The task = Take the lines below from the one with "5440 NW 107th Ave APT 202, Doral, FL 33178" through the one with "Senso Panorama Villa" and retype them exactly. Include nothing else, and no pictures.

Start of Data shown

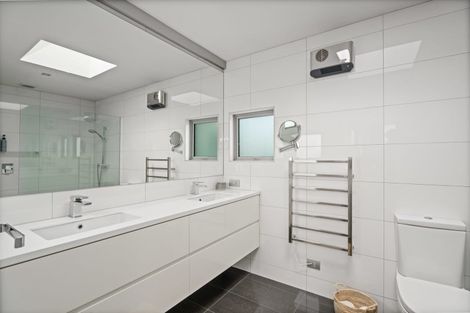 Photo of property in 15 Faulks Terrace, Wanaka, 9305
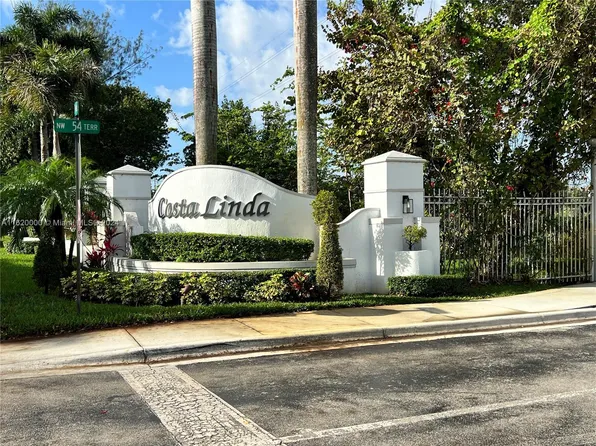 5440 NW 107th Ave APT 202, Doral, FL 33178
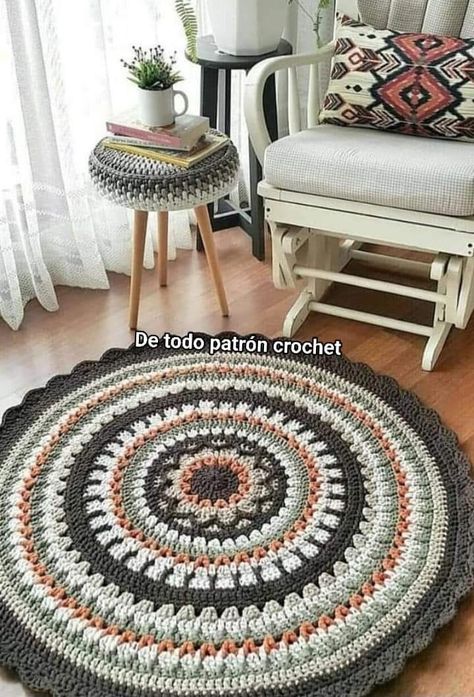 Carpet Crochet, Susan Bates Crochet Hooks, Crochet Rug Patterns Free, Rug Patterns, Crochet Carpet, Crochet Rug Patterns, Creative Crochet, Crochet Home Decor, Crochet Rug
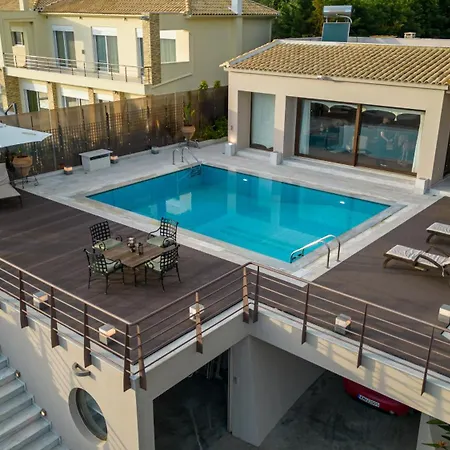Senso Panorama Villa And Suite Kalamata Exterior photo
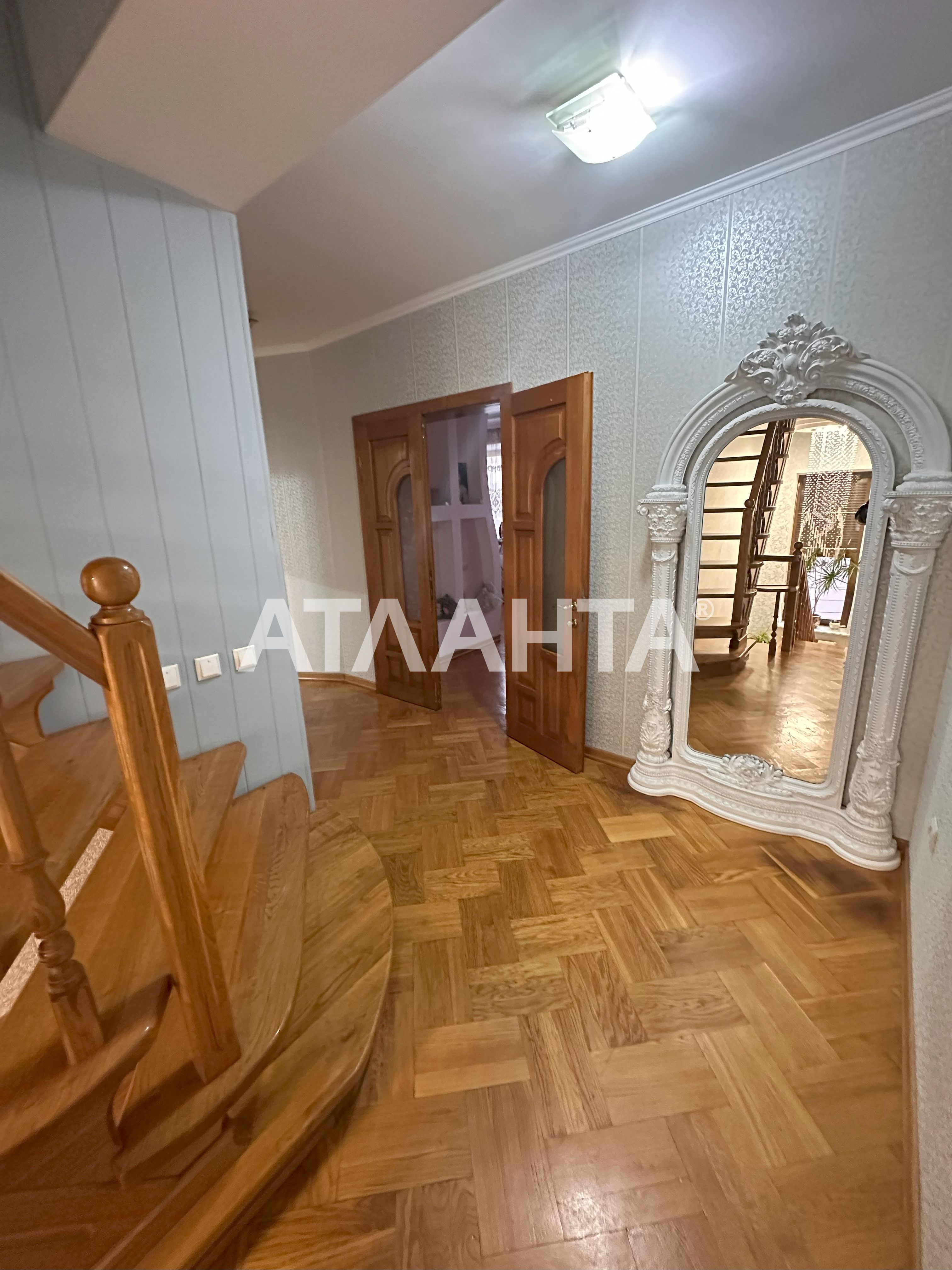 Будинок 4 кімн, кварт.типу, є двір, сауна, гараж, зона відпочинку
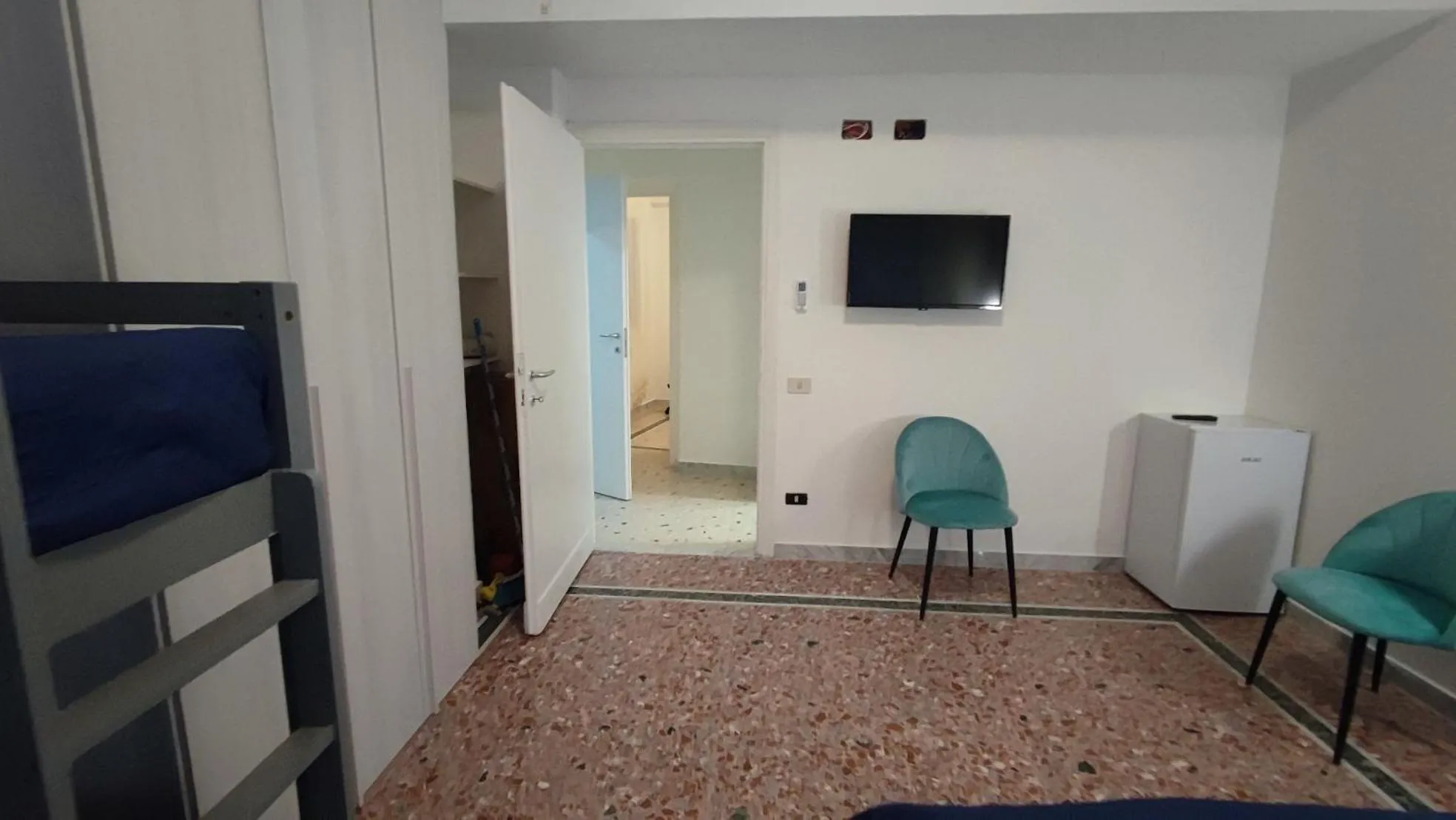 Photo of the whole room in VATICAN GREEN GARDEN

End of Data shown
Start of Data shown

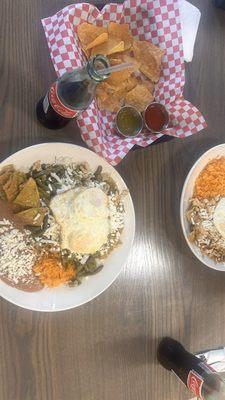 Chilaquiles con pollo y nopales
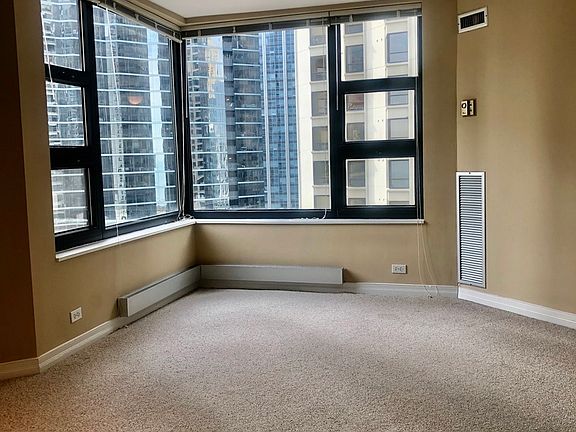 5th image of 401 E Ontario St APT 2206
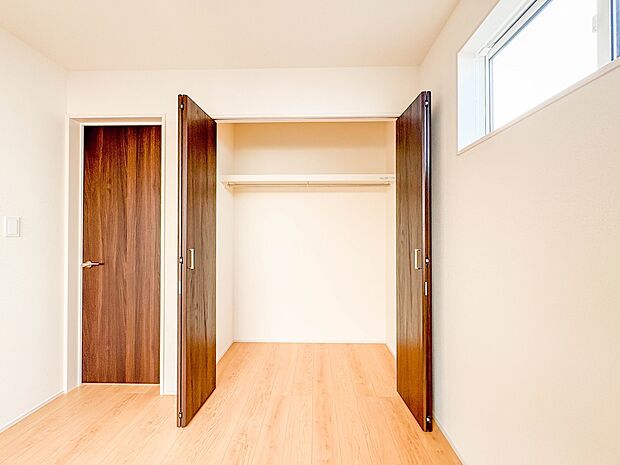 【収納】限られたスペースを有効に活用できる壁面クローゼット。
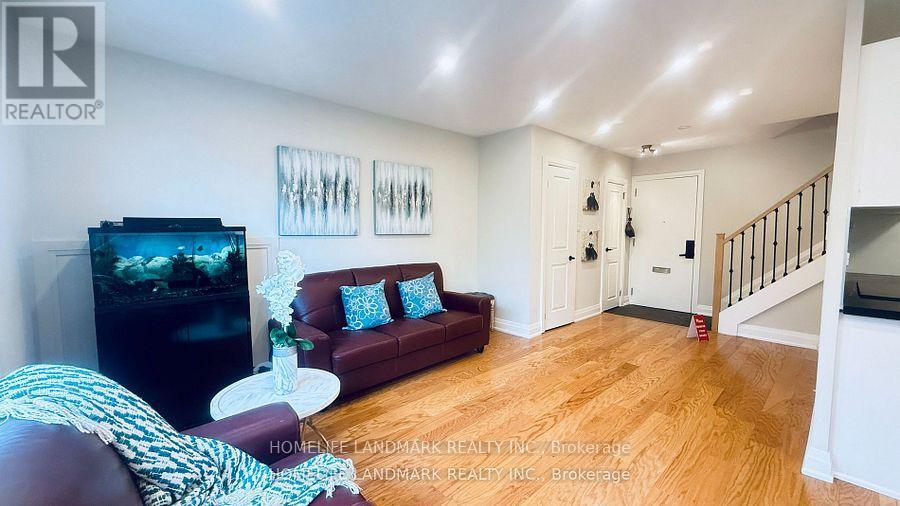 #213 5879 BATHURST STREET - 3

End of Data shown
Start of Data shown

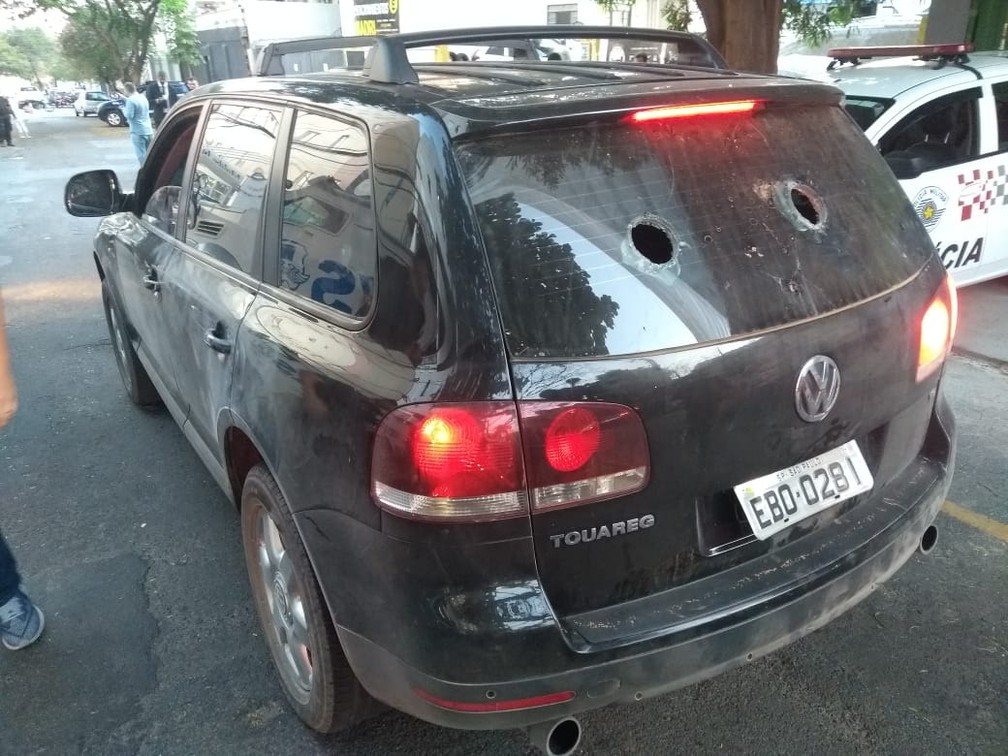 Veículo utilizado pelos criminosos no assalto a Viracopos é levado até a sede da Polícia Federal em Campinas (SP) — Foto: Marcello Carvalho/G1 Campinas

End of Data shown

Task response =
 5440 NW 107th Ave APT 202, Doral, FL 33178
 Carpet Crochet, Susan Bates Crochet Hooks, Crochet Rug Patterns Free, Rug Patterns, Crochet Carpet, Crochet Rug Patterns, Creative Crochet, Crochet Home Decor, Crochet Rug
Senso Panorama Villa And Suite Kalamata Exterior photo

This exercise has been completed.